§ Study material:
#####

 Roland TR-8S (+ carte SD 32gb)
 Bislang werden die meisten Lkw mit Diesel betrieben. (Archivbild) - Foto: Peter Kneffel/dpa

#####

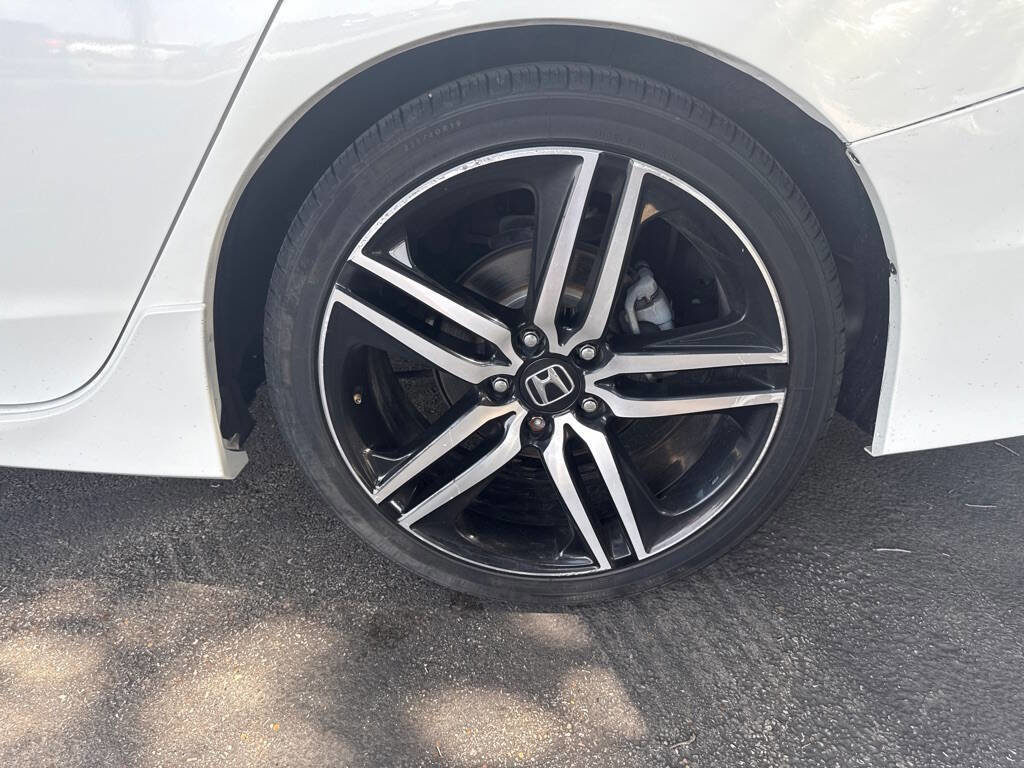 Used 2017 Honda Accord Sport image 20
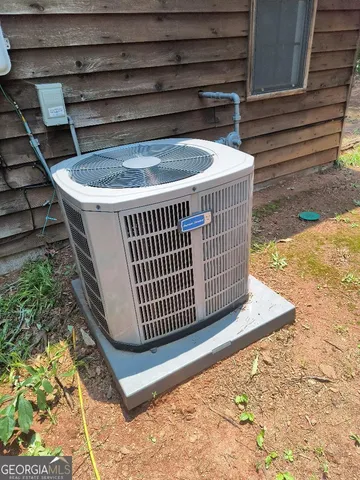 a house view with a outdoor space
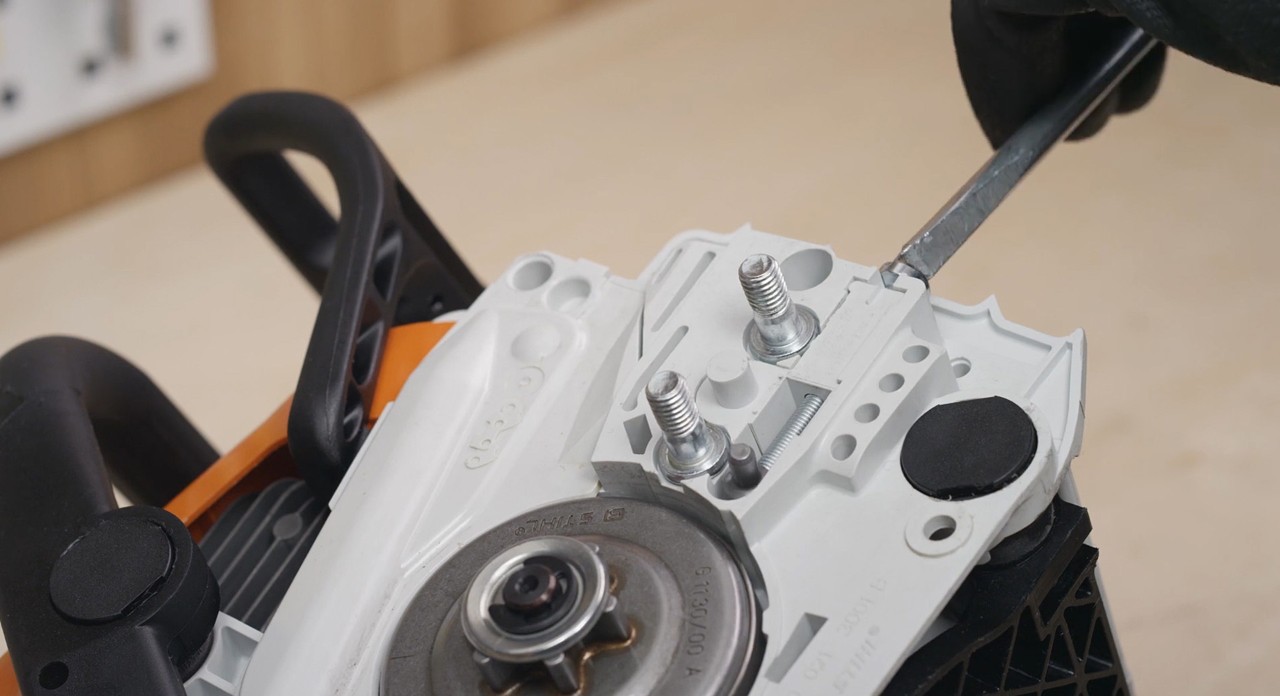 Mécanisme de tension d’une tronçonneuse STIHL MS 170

#####

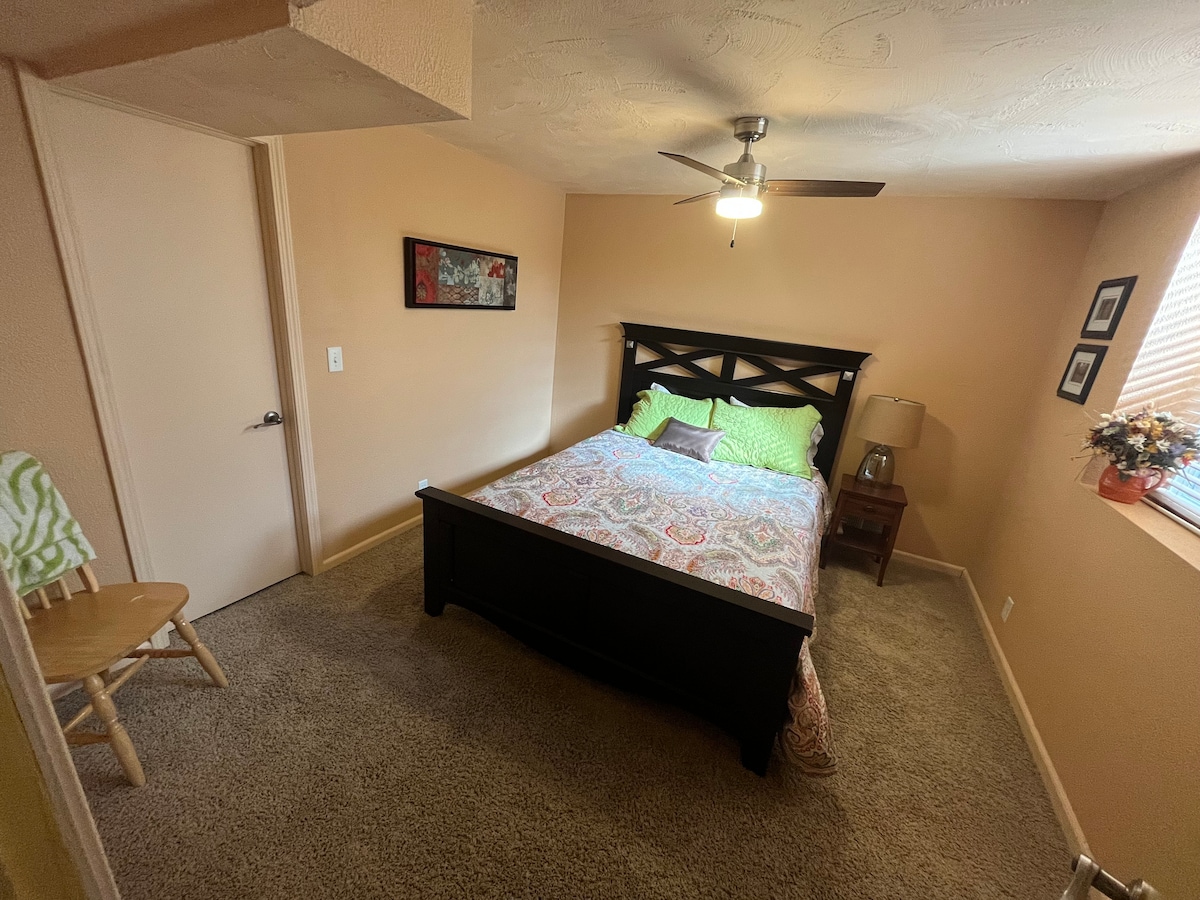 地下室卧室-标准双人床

#####

§ Action item:
Could you restate word for word the lines above from the one containing "Roland TR-8S (+ carte SD 32gb)" through the one containing "Bislang werden die", both included, and nothing else?

§ Output below:
 Roland TR-8S (+ carte SD 32gb)
 Bislang werden die meisten Lkw mit Diesel betrieben. (Archivbild) - Foto: Peter Kneffel/dpa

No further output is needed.